Alas, love is anything but straightforward, it is far from being as pure as one would like to believe, far from innocent. On the contrary, it causes turmoil and upheaval (and that is putting it mildly!), and questioning. In reality, love is the object of a major misunderstanding: that of expecting something from the other person that one will never receive.

Let us recall the definition given by the psychoanalyst Jacques Lacan, whom we have discussed at length in other articles, “Love is giving what one does not have to someone who does not want it.” In other words, to love is, unconsciously, to be driven by the nostalgia of recovering the part of oneself that was lost in archaic times. To love then amounts to begging the other person for this missing part, like a beggar claiming crumbs to break their deprivation.

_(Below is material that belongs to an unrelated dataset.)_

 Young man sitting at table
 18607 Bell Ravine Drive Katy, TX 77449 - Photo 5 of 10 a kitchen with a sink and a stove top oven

Sometimes, for an instant, just for an instant, one will have the illusion of obtaining it, but that will be enough to cling to it for a long time.

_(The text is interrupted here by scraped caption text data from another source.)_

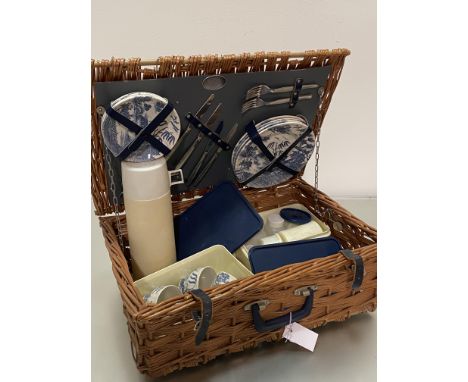 A Brexton collection handmade England wicker picnic basket complete with original Thermos flask, Tupperware tubs, blue and wh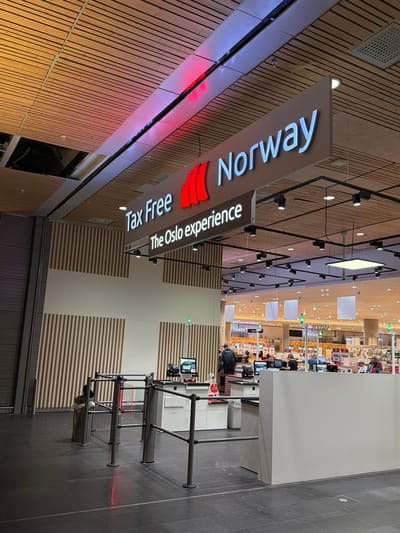 This is a medium-angle, eye-level photograph taken inside an airport terminal, likely at Oslo Airport Gardermoen, Norway, indicated by the "Tax Free Norway" and "The Oslo experience" signage. The scene captures a tax-free retail area with a focus on the entrance to the shopping zone.

The prominent signage, "Tax Free Norway" with a red graphic of what appears to be a stylized sail or wing, is suspended from the ceiling. Below it, "The Oslo experience" is displayed in white lettering. The ceiling itself is constructed of parallel wooden planks with modern lighting fixtures.

In the foreground, there are metal stanchions and barriers, suggesting a queueing or entry system. One of the stanchions has a red laser beam emitting from it, potentially a part of the security or scanning system. To the left, a metal trash receptacle is visible.

Further into the image, a retail store is visible with brightly lit shelves stocked with various products. Several people are present in the background, some appearing to be customers browsing or interacting with staff at checkout counters. The overall environment suggests a commercial, public space within an airport. The lighting is a mix of overhead artificial lights and the glow from the store displays. The floor is dark grey tile.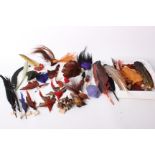 A collection of early 20th Century colourful millinery feathers, some in the form of birds, many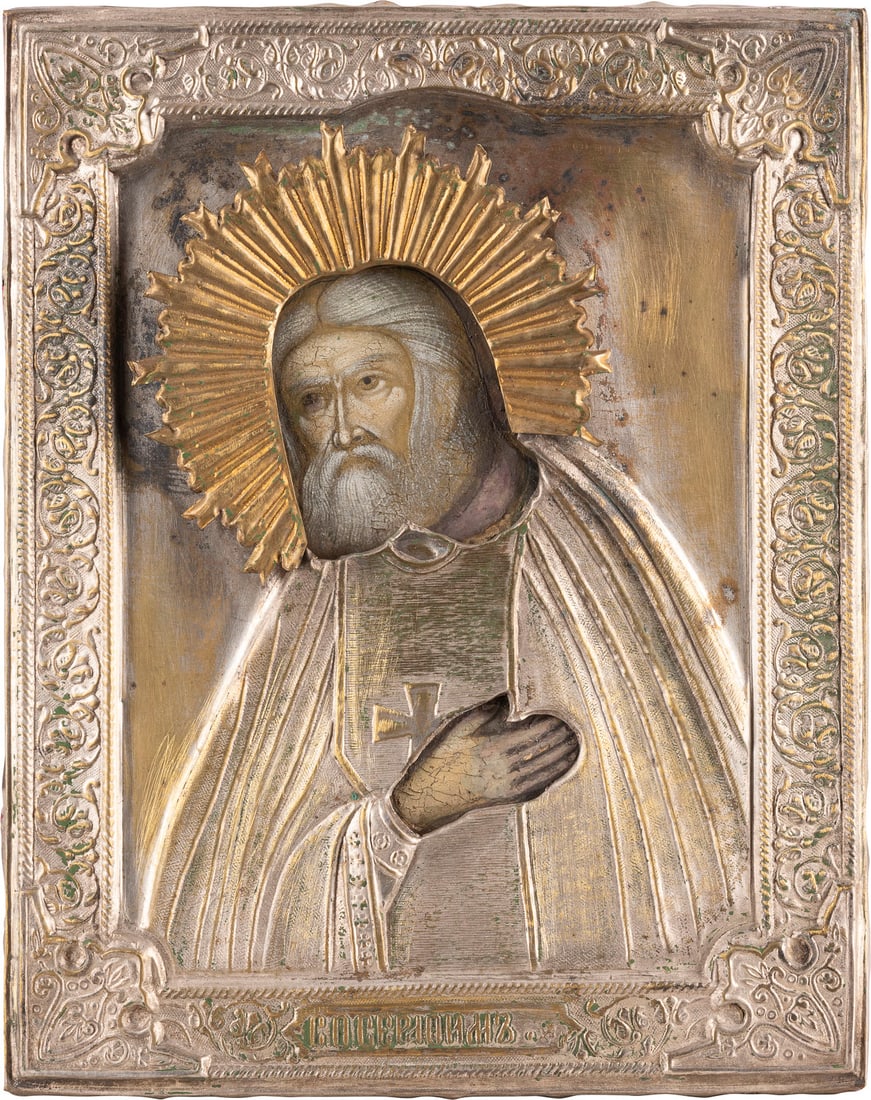 KLEINE IKONE MIT DEM HEILIGEN SERAFIM VON SAROW MIT OKLAD: A SMALL ICON SHOWING ST. SERAPHIM OF SAROV WITH OKLAD Russian, after 1903 Tempera on wood panel. Overlaid with a chased metal oklad. Partially restored. 23 x 18 cm.KLEINE IKONE MIT DEM HEILIGEN SERAFI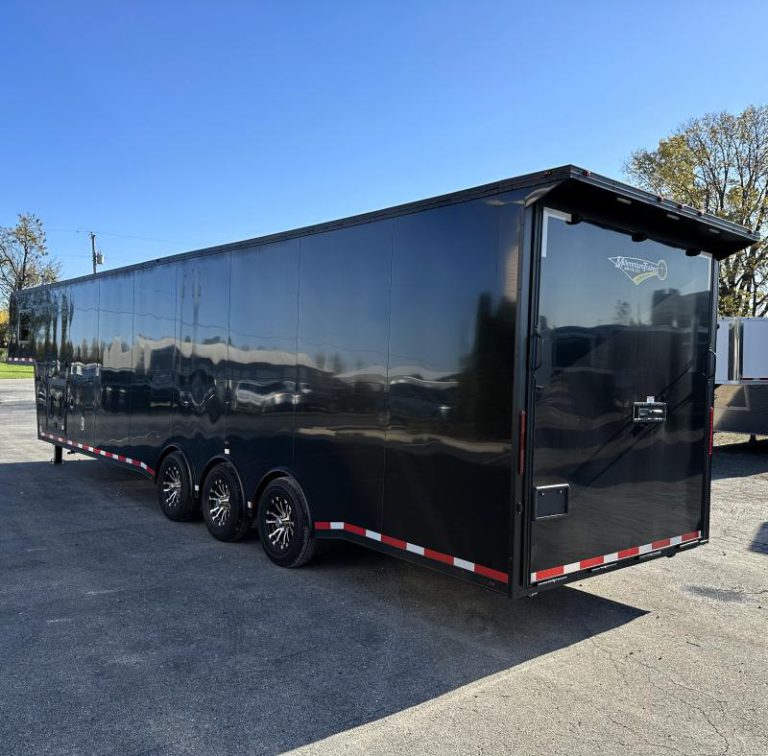 Enclosed Gooseneck Trailer 2023 40' Rear Exterior Roadside View. Black .040 Screwless Exterior, Rear Ramp Door, Rear Wing, Aluminum Wheels, LED Lights.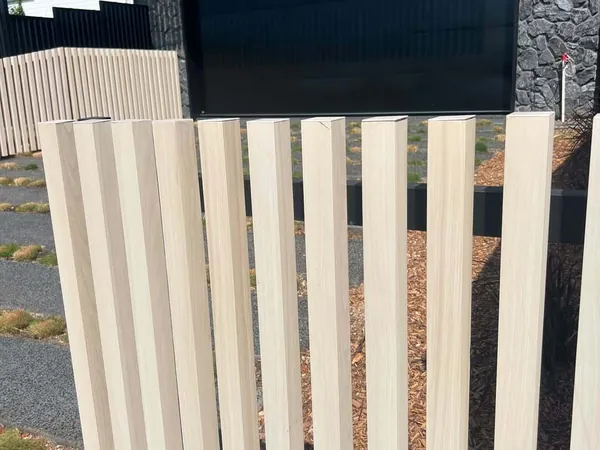 Pale woodgrain aluminium batten fence in front of a dark stone garage wall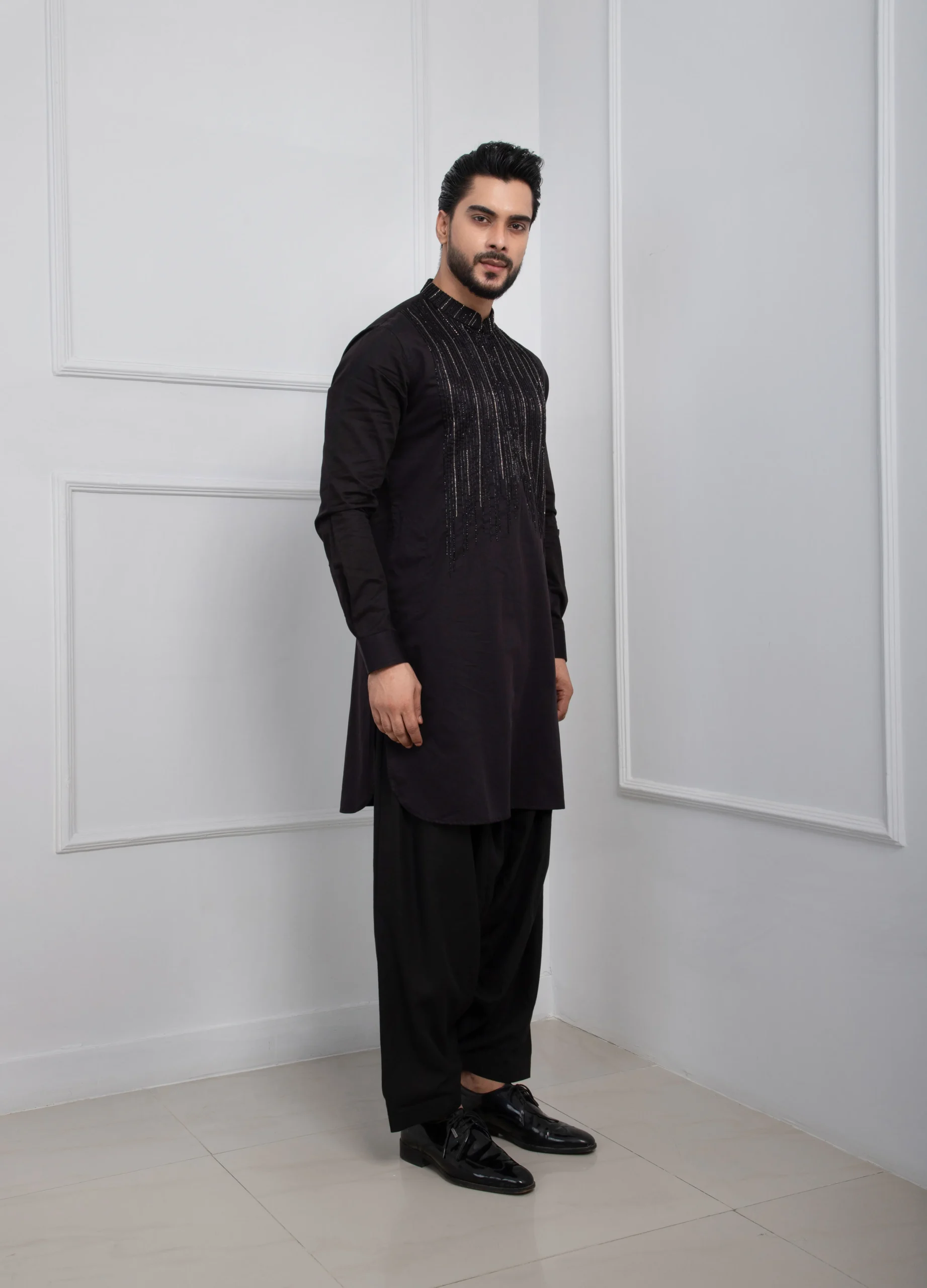 Black Embroidered Pathani Kurta Set with Patiala Salwar from Golden Muslin By Anuj Agarwal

Let us question J. Lacan further, who tells us, “There is no sexual relationship,” as if to drive the nail in even deeper! And he is quite right! He is telling us, once again, that what brings two subjects together is the unconscious fantasies of each! Even in the sexual act during which familiar persons collide, each one is led elsewhere by their unconscious. This encounter, however, powerfully experienced, is not one at all. The two partners find themselves, yet again, in a fundamental difference stemming from the utterly unique desire of each: their two desires will never meet. Hence a permanent feeling of frustration leading to reproaches addressed to the other person for not understanding, not satisfying, not knowing how to love, etc. It is very comforting to convince oneself of the complementarity of two partners. Again, everything is just fantasized desire, always distant, inaccessible. The love relationship only exists in uncertainty and wandering. Quite mad is the one who is persuaded of its perfection or even completeness, its adequacy. An unbridgeable abyss separates the desires of one and the other.

But on the occasion of the feast of love, I would not want to be a killjoy and end this article with the frustrating statement that love does not exist! On the contrary, love exists. It was there when two gazes penetrated each other. That was the moment of all ecstasies (“There, all is only order and beauty, luxury, calm and voluptuousness,” says the poet), the moment when fantasies were satisfied, of fullness, of total happiness. Alas, it was so ephemeral: it only lasted three or four months. Then it faded away. And ever since, one keeps searching for it again. At one point, one thinks one has found the one whom one would like to adore, “whom one was searching for in the rain, whom one guessed in a fleeting glance, between words, between lines and beneath the makeup of an oath made up to spend the night” (Léo Ferré), it hurts, one gets up with bruises, and heads off again towards the quest for the lost object, an endless quest.

Beware: do not stop on any account, for this moment of pure blissful ecstasy is the one that will convince you that yes, love exists, I encountered it for a moment, a short moment that is worth continuing to persevere. This short space of time will console you in advance for the inevitable disillusions to come, and will spur you on to desperately seek the key to the front door leading to intimate reunions.